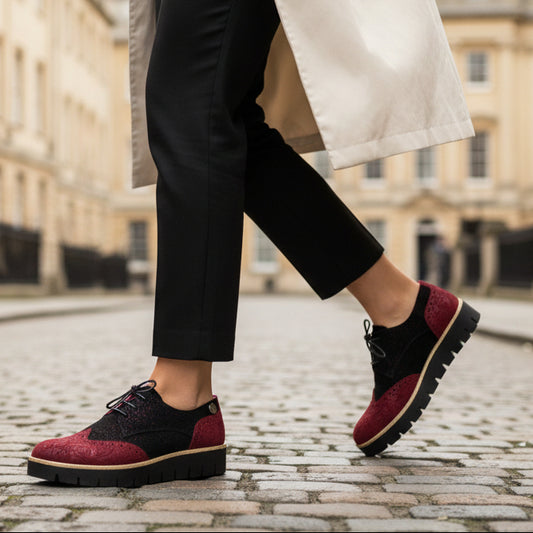 Bolt - Red Flower print lace up shoe - Chanii B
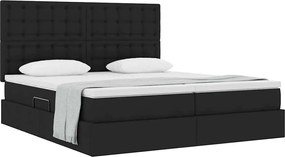 vidaXL Κρεβάτι Αποθήκης με στρώμα Μαύρο 200 x 200 cm Τεχνητό Δέρμα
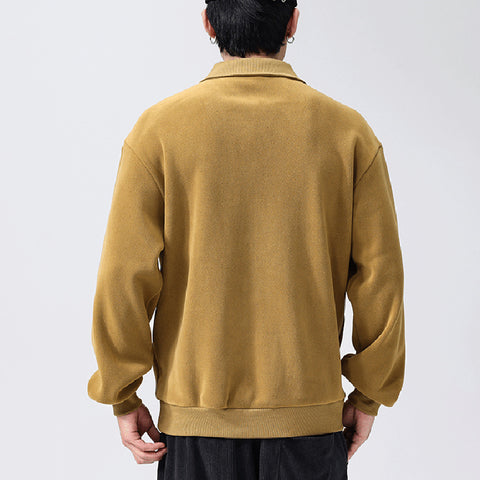 Sweat-shirt tendance à col à revers et demi-fermeture éclair, haut chaud polaire à manches longues pour hommes - Vêtements pour hommes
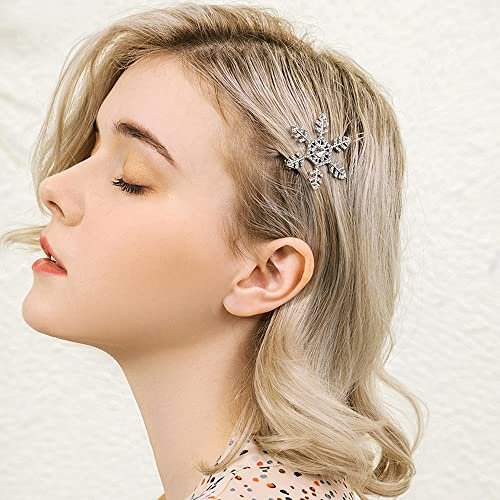 4 Pack Snowflake Rhinestone Hair Clips - Winter Holiday Crystal Hairpin Barrette Wedding Bridal Hair Accessories for Women Girls - görsel 6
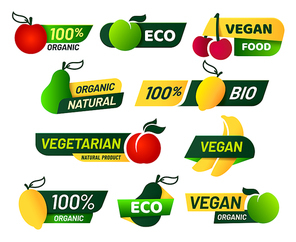 vegan labels. green  food, healthy fresh organic products and vegetarian emblem label. vegans label, natural food sticker or eco veganism badge. vector isolated icons set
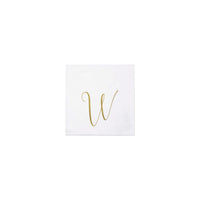 Papersoft Napkins Gold Monogram Cocktail Napkins - W (Pack of 20)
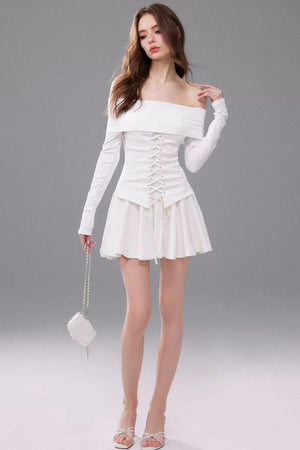 Off-Shoulder Waist-Cinching Dress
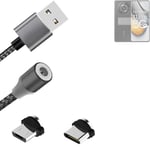 Magnetic charging cable for Realme 11 Pro with USB type C and Micro-USB connecto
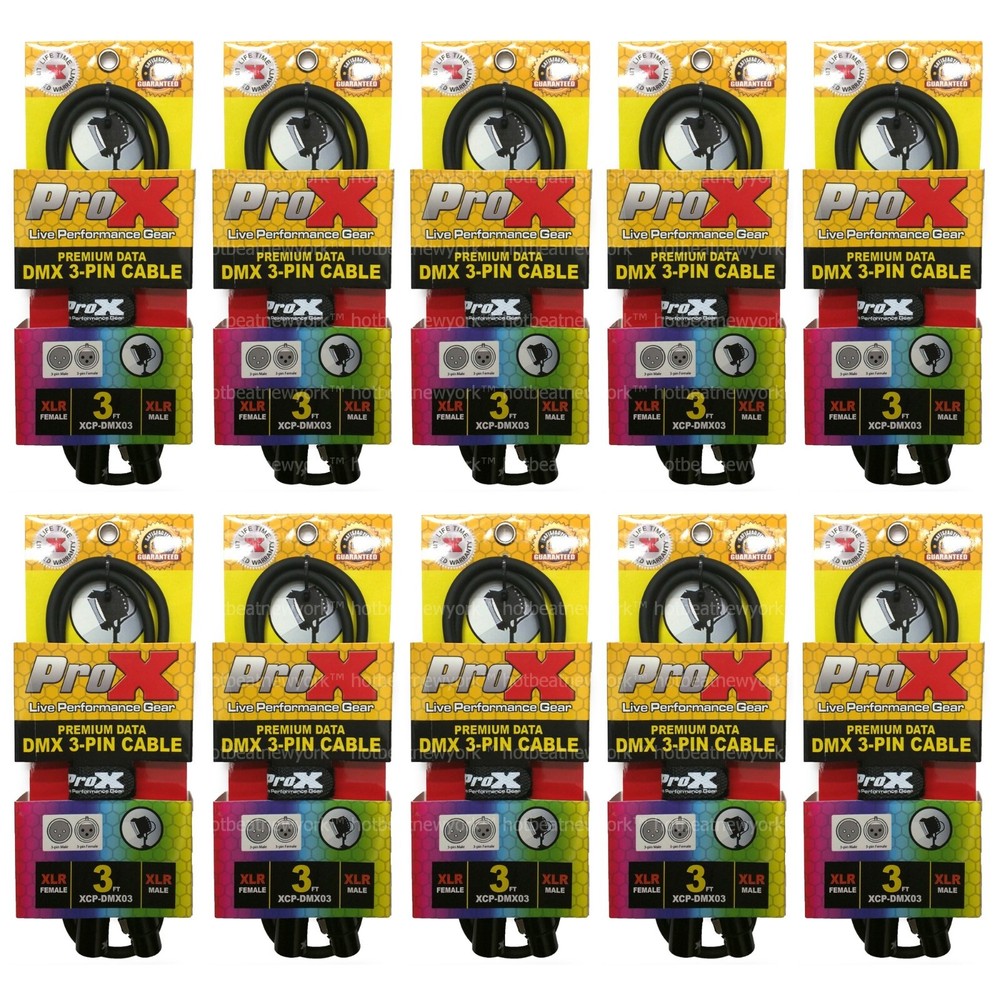 10 pack ProX XCP-DMX03 3ft XLR3-M to XLR3-F 22AWG DMX Premium OFC Cable 110-ohm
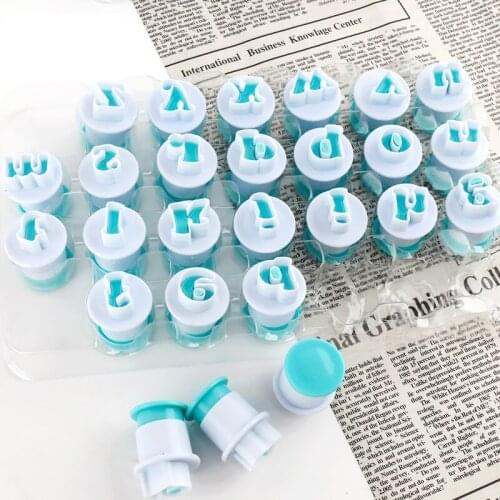 Plastic Digital Lower Case Uppercase Letters Impression Mold Handmade Clay Super Light Color Mud Embossing Printing Tool 2020NEW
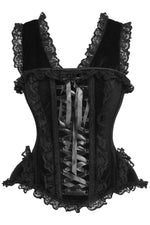 Top Drawer Black Velvet & Lace Steel Boned Corset w/Cap Sleeves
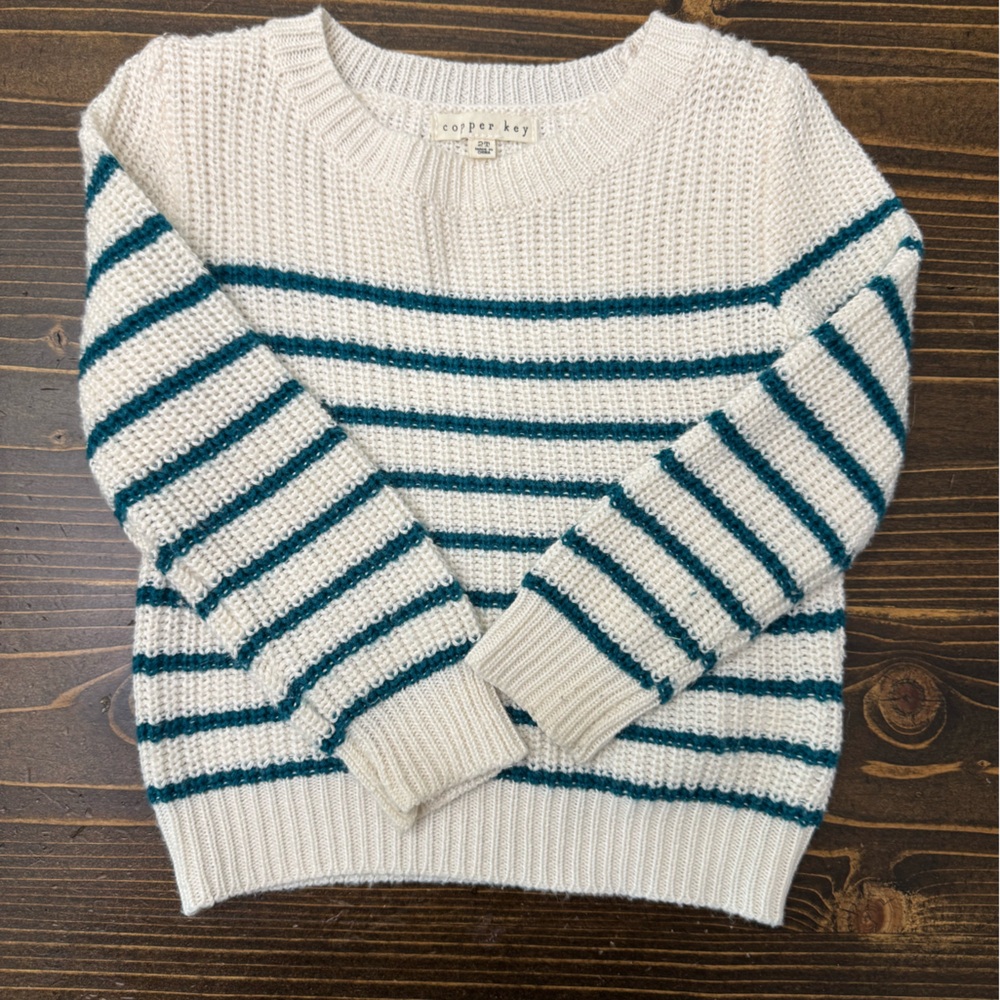 Copper Key Cream and Teal Crew Neck Sweater Textured Knit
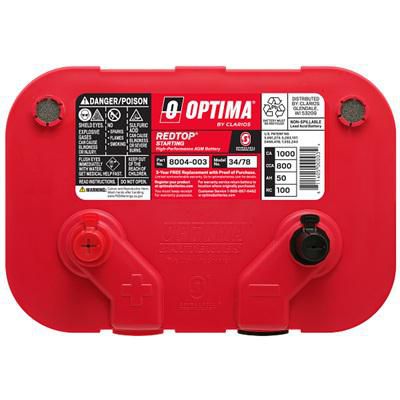 Optima Red Top 800CCA AGM Car Battery | Group 34/78 Dual Terminal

# YOUR TASK:
Set the pictures aside and repeat only the lines from the one containing "Top Drawer Black" through the last line of the entries above, exactly as they stand.

# TASK OUTPUT:
 Top Drawer Black Velvet & Lace Steel Boned Corset w/Cap Sleeves
 Copper Key Cream and Teal Crew Neck Sweater Textured Knit
 Optima Red Top 800CCA AGM Car Battery | Group 34/78 Dual Terminal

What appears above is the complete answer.